No entanto, como referem Mário Aroso de Almeida e C.A. Fernandes Cadilha, in Comentário ao Código de Processo nos Tribunais Administrativos, Almedina, 2017, 4ª ed., «O âmbito da jurisdição administrativa e fiscal é identificado, no artigo 212.º, n.º 3 da CRP, por referência aos meios processuais que tenham por objeto dirimir os litígios emergentes de relação jurídicas administrativas e fiscais.» (pág. 17). E que «A matéria da delimitação do âmbito da jurisdição administrativa e fiscal é regulada pelo ETAF no seu artigo 4.º. Na ausência de determinação expressa em sentido diferente, contida em lei avulsa, valem pois, nessa matéria, os critérios estabelecidos no artigo 4.º do ETAF. A verdade, porém, é que o regime decorrente deste artigo é objeto de múltiplas derrogações resultantes de legislação especial.» [estando os Autores a referir-se a desvios ao regime do artigo 4º que devendo pertencer à jurisdição administrativa e fiscal dela foram afastadas, nomeadamente, a impugnação judicial de decisões de aplicação de coimas no âmbito do ilícito de mera ordenação social (sendo que com a alteração introduzida pelo DL nº 214-G/2015, a alínea l) do art. 4º, nº 1, introduziu no âmbito da jurisdição administrativa o ilícito de mera ordenação social “por violação de normas de direito administrativo em direito de urbanismo”)] – cfr. págs. 19 e 20.
Referindo-se às autoridades reguladoras independentes admitem os Autores que «… a determinação da competência contenciosa para conhecer dos litígios que a sua atividade possa gerar suscita outro tipo de dificuldades». «Dentro deste enquadramento geral, a determinação da competência contenciosa em relação a atos administrativos praticados por essas entidades carece de ser analisada casuisticamente em função do estabelecido no respetivo estatuto orgânico, quer por via do regime jurídico que se estiver definido para o seu funcionamento, quer por efeito de regras de competência que se encontrem expressamente previstas.» - págs. 25 e 26.
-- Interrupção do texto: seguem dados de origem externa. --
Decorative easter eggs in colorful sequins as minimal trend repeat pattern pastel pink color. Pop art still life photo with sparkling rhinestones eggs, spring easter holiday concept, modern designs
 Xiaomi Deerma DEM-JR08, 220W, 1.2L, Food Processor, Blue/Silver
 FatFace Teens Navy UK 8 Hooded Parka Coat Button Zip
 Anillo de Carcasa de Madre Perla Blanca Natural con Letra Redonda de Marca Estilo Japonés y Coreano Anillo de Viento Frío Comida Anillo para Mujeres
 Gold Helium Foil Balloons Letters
Ora, encontrando-se expressamente prevista no art. 34º, nºs 1 e 2 da Lei nº 58/2019 a competência material dos tribunais administrativos para impugnação de todas as decisões da CNPD, incluindo as de natureza contra-ordenacional, há que ter em conta essa atribuição expressa de competência, independentemente de a mesma não ter sido contemplada na enumeração constante do art. 4º, nº 1 do ETAF (cfr. neste sentido o recente acórdão deste Tribunal dos Conflitos sobre esta matéria, de 14.07.2022, Proc. nº 013/22).

Pelo exposto, acordam em julgar que a competência para a referida impugnação judicial cabe aos tribunais da jurisdição administrativa e fiscal, concretamente ao TAC de Lisboa – Juízo Administrativo Comum.
Sem custas.

Lisboa, 5 de Julho de 2023. – Teresa Maria Sena Ferreira de Sousa (relatora) – Maria dos Prazeres Couceiro Pizarro Beleza.